ANDREW C. MCCARTHY: Robert Mueller’s Plan.

No prosecutor builds a case the way Mueller is going about it. What prosecutor says, “Here’s our witness line-up: Michael Flynn, George Papadopoulos, Alex van der Zwaan, Rick Gates, Paul Manafort, Michael Cohen. And what is it that they have in common, ladies and gentlemen of the jury? Bingo! They’re all convicted liars.”?

For a prosecutor, like any trial lawyer, what the jury thinks is at least as important as what the law says. If the most memorable thing the jury takes into the deliberation room is that no one should believe a word your witnesses say, you are not going to convict the lowliest grifter, much less the president of the United States of America.
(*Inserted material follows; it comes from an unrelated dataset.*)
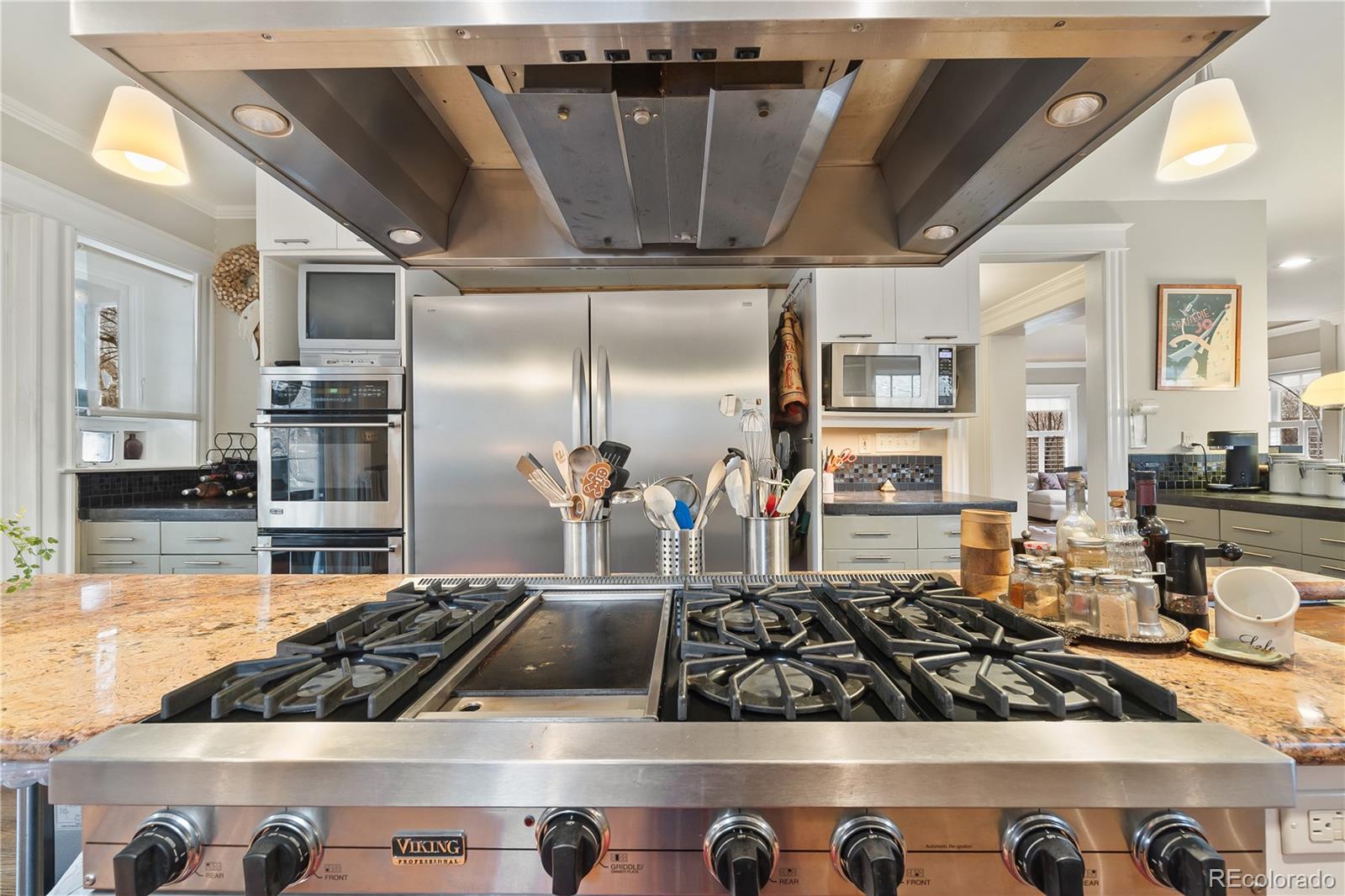MLS Image #20 for 939 n pearl street c,denver, Colorado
As a prosecutor, you build a case by having your cooperating accomplice witnesses plead guilty to the big scheme you are trying to pin on the main culprit. After all, what makes these witnesses accomplices, literally, is that they were participants in the main culprit’s crime. That’s the scheme you’re trying to prove. So, on guilty-plea day, the cooperator comes into court and admits guilt to the same conspiracy on which you are trying to nail the lead defendant.

That gets you 90 percent of the way home.

But if your intention is to smear by implication, rather than build an actual criminal case, you’d go about it the way Mueller is.